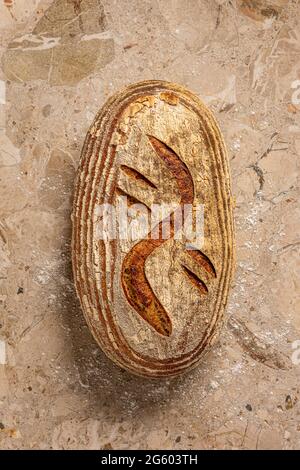 Flat plan view of handmade artisanal sourdough bread on a light brown marble work surface. Freshly baked. Stock Photo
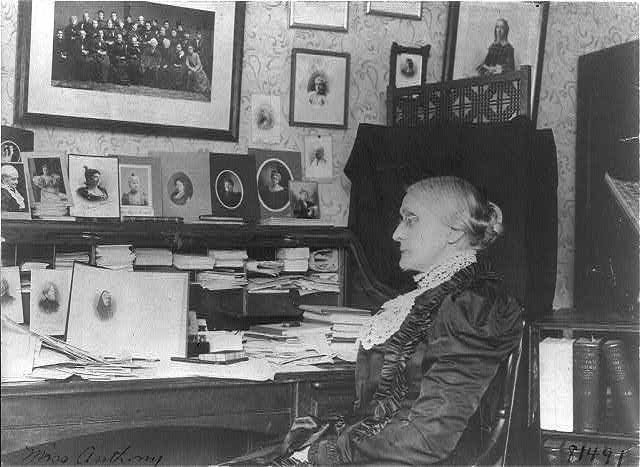Susan B Anthony seated at desk.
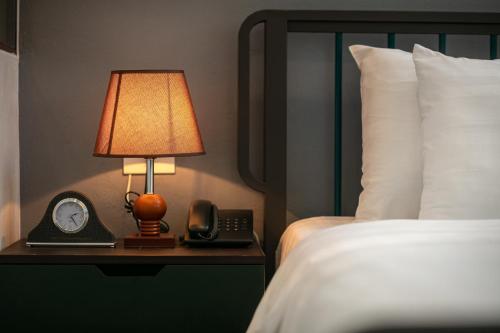 a hotel room with a bed and a lamp and a phone at Tam Coc Holiday Hotel & Villa in Ninh Binh
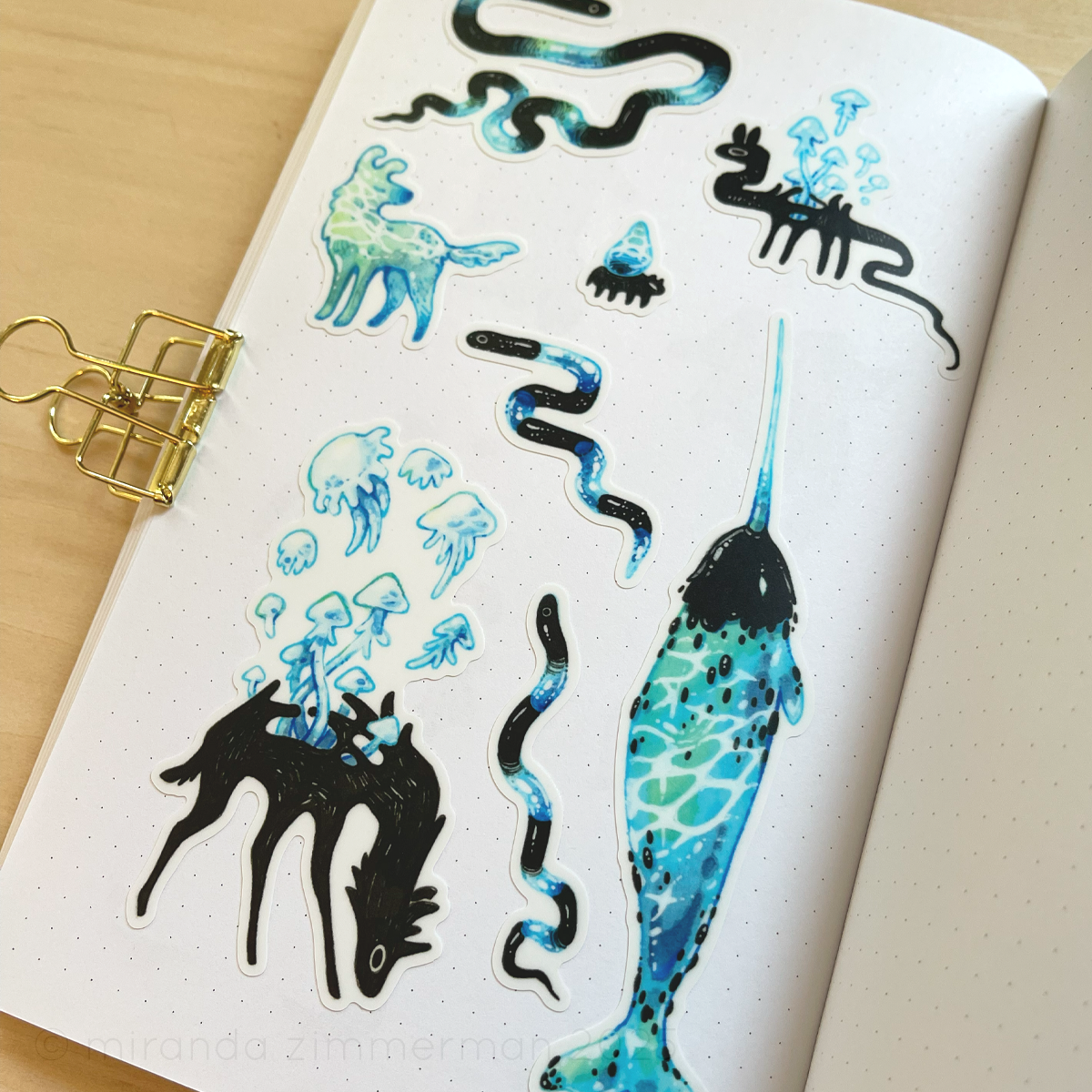 A photo showing the individual stickers removed from the sticker sheet and placed in a notebook.  This is meant to show how the stickers look separately.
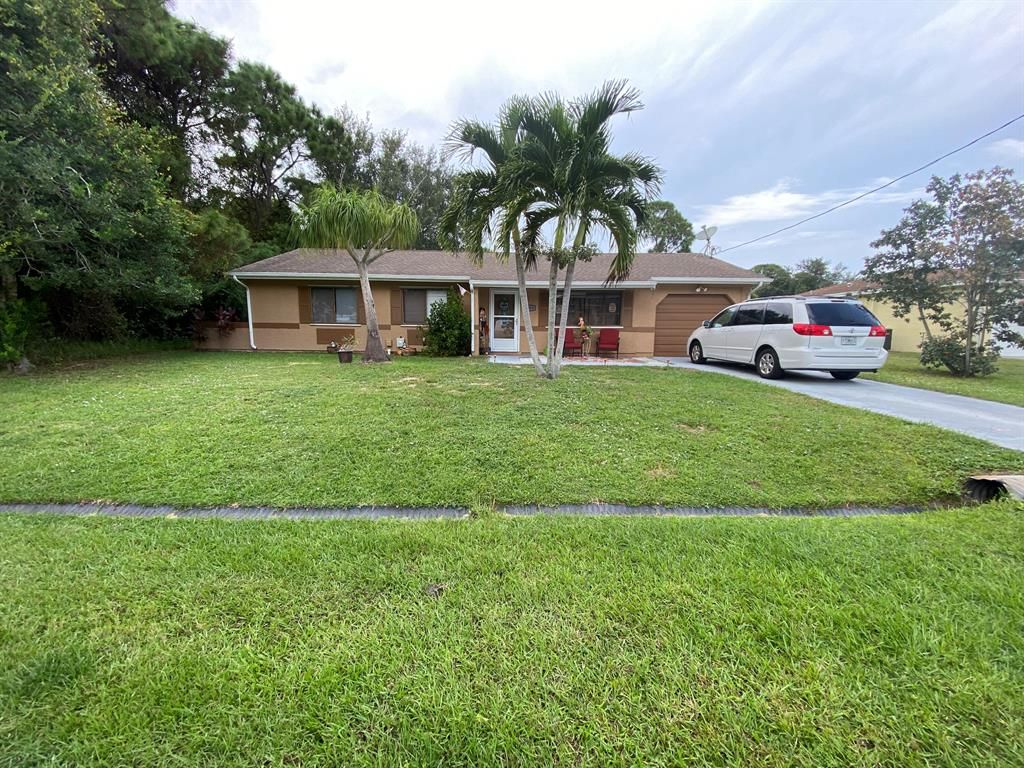 Photo of 2351 SE Mariola Avenue, Port Saint Lucie, FL 34952 (MLS # R10751280)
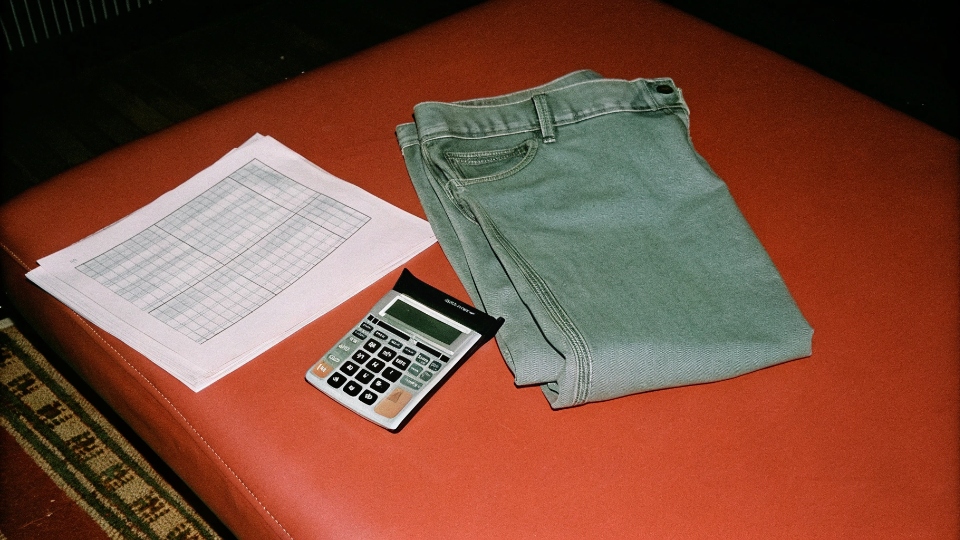 A calculator and a pair of jeans on a shipping manifest, visualizing landed cost calculation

> [Instructions to follow] No pictures belong in the copy. Retype exactly, and only, the lines from the line containing "Photo of 2351" through the last line of the data, both included.

> [Completed exercise]
 Photo of 2351 SE Mariola Avenue, Port Saint Lucie, FL 34952 (MLS # R10751280)
 A calculator and a pair of jeans on a shipping manifest, visualizing landed cost calculation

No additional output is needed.